Neither Angelides nor any of the other politicians named in court documents as receiving illegal donations from Winn are accused of wrongdoing. The donations went to an array of politicians, including Governor Deval Patrick; Mitt Romney when he was governor; US Senators John F. Kerry and Charles Schumer; several congressmen from Massachusetts; Boston Mayor Thomas Menino; and former state senator Dianne Wilkerson, a longtime Columbus Center supporter who last year admitted to accepting bribes in unrelated real estate cases and is serving a 3 1/2-year prison sentence.
But in court papers filed last week federal prosecutors pointedly note that Columbus Center ended up getting much of the public support Winn and his company had sought. In addition to the Calpers investment, Winn’s project won approval for about $60 million in grants, tax credits, and low-cost loans from the state and the city of Boston. Separately, the US Department of Housing and Urban Development approved $32.5 million in tax-exempt bonds.
In some instances, prosecutors said, Winn asked for - and received - specific favors from public officials who wrote letters, filed legislation, and took other actions to help him secure taxpayer money for the project.

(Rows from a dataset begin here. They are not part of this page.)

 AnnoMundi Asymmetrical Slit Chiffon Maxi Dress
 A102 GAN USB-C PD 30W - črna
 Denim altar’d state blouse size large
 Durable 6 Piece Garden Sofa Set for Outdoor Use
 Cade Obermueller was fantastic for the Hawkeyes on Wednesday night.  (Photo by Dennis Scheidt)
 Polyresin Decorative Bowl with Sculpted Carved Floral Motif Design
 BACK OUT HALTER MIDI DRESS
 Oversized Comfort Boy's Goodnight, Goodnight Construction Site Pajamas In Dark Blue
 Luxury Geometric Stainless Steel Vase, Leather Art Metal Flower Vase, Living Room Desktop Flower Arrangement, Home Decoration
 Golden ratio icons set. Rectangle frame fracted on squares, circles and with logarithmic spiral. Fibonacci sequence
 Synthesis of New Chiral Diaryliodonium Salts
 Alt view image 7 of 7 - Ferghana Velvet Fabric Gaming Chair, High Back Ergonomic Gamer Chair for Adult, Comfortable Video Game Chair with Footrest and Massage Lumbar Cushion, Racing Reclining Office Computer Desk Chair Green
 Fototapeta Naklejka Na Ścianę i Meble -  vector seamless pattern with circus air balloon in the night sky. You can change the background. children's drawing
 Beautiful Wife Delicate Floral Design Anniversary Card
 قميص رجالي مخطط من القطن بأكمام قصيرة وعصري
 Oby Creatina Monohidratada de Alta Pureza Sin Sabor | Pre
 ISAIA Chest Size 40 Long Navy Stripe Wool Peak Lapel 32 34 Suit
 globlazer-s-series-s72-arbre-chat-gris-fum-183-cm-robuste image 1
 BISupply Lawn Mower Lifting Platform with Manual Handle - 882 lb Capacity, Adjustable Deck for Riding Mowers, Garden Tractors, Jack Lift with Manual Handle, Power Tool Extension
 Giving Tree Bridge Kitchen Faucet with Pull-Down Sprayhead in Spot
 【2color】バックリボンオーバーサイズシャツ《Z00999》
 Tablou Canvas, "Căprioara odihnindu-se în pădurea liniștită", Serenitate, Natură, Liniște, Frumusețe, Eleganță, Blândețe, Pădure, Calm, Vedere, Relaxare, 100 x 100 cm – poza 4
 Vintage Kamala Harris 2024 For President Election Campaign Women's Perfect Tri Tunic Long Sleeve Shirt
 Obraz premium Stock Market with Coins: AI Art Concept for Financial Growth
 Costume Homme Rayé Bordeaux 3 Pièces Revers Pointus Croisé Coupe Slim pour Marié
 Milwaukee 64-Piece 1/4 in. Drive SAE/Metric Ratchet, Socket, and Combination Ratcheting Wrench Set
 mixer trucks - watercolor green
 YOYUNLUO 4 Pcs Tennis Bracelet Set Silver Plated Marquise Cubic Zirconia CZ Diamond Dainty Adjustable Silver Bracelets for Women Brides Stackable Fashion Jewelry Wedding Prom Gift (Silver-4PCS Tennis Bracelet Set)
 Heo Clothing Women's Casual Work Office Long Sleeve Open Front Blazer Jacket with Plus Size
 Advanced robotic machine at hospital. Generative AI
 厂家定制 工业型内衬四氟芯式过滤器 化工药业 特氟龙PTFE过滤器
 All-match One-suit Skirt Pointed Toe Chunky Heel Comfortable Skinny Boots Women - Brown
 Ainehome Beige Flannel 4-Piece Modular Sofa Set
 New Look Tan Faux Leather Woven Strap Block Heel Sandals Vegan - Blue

However, the documents do not link individual politicians to specific actions taken on Winn’s behalf.
While his quest for funding was unfolding, prosecutors said, Winn and executives at his company orchestrated a scheme in which they induced relatives, friends, and vendors to give donations to public leaders, and then secretly reimbursed them to hide the source of the money.
According to court documents, the former California treasurer was the biggest beneficiary of illegal giving by Winn and his company, collecting $42,700 in donations between January and June 2006. Those were separate from the $17,300 Winn donated to Angelides in November 2005, according to California campaign finance records. All were made during a critical time for Columbus Center, which was seeking capital to help pay escalating costs for the project, which started at about $400 million in 2004 and soared to about $800 million by 2007.
Prosecutors said the $42,700 given to Angelides is part of $157,900 Winn and his company funneled to various politicians while trying to move forward with the project.
Winn himself has agreed only to plead guilty to a small fraction of those donations - $4,500 given to US Representatives Stephen Lynch and Michael Capuano. Many of the other illegal donations alleged by prosecutors occurred beyond a statute of limitations that Winn declined to waive. No date has been set for Winn’s sentencing.
The company, meanwhile, agreed to plead guilty to nine counts of illegal campaign donations, one of which is a felony because the total amount in that count exceeded $10,000.